Story URL: http://news.medill.northwestern.edu/chicago/news.aspx?id=184726
Story Retrieval Date: 10/23/2014 6:06:54 AM CST
Mercedes dealt with numerous instances of sexual harassment by fellow workers at the Chicago bakery where she was employed four years ago. She tried telling the owner, she said, but nothing changed.
“He was rude and would just brush it off or would just laugh if they would do something,” she said.
Mercedes, 26, an illegal immigrant from Mexico who later became a naturalized citizen of the U.S., finally quit the job but said she never reported the abuse because she had no hope that anything would be done about it.
Women immigrants in Chicago and beyond can share similar stories and worse, those who experience shame, wage cuts and even deportation in addition to abuse and harassment on the job.
Maritza Reyes, sexual assault coordinator for Mujeres Latinas En Acción, a Chicago advocacy group, said that more and more women are coming to them with claims of being sexual harassed by their managers and customers at restaurants where they work. Reyes said her organization has also heard from women reporting harassment by temporary labor agencies.
Reyes said while some women have told her they moved to Illinois because they heard it was not as “anti-immigrant” as other states, they are not necessarily finding that to be the case.
“It’s one thing to have the [Illinois] law [enforcing immigrant workers’ rights] in place,” Reyes said. “It’s another to have that law enforced.”
Under the antidiscrimination provisions of the U.S. Immigration Reform and Control Act, immigrants can be reinstated in their jobs if they are discriminated against, or they can receive back pay for lost wages. Penalties for employers range from $275 to $11,000, depending on the number of offenses.
Reyes said various cultures often inhibit speaking out against mistreatment because of existing beliefs.
“Unfortunately in the Latina culture, there is [often] the idea that a woman’s purity is her responsibility, regardless of anyone else, which is not a very realistic thing when someone is being sexually assaulted,” Reyes said.
Mónica Ramirez, director of the Immigration Justice Project at the Georgia-based Southern Poverty Law Center, said a major reason women do not report harassment is the fear of being blacklisted by employers or not being allowed back to the U.S. on a subsequent work visa.
Ramirez said she is also told by victims of workplace harassment that there are often threats against their families and neighbors, here and in their countries of origin.
Ana Castillo, an award-winning author from Chicago who writes on many Latina issues, said more specific lawmaking covering all workers could lessen mistreatment of immigrant workers.
“The advantage [employers] have when someone is undocumented is obviously the reluctance to report,” Castillo said.

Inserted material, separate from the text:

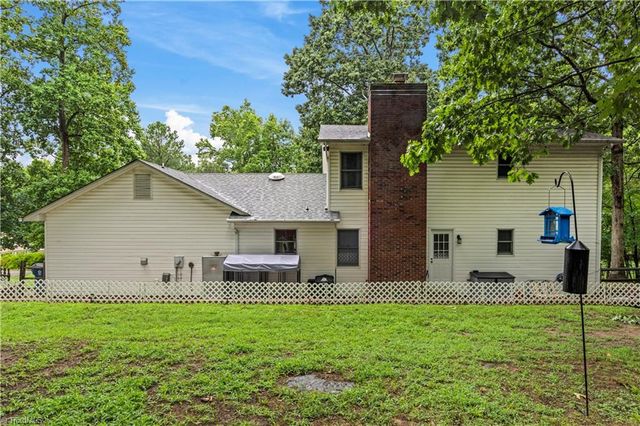 4721 Whisper Oak Drive, Trinity, NC 27370
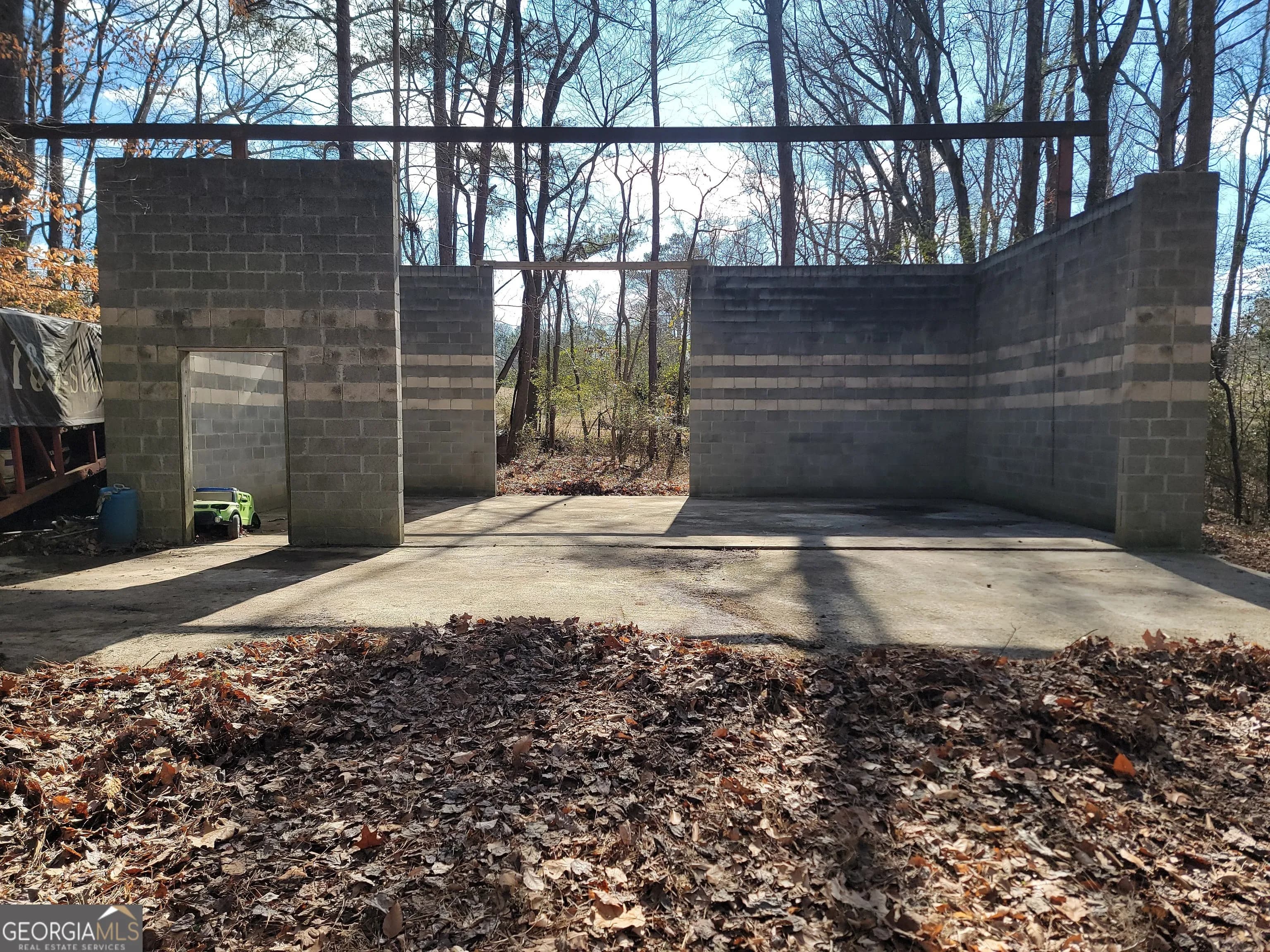 1855 S Flat Rock Rd, Douglasville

According to the Southern Poverty Law Center, if the government deported all 10.8 million undocumented immigrants living in the U.S., the economy would lose $2.6 trillion over 10 years.
Castillo said she encourages female victims to speak out in order to prevent the mistreatment of other workers as well.
“Confide in someone,” Castillo said. “You know in your heart when there’s been an injustice.”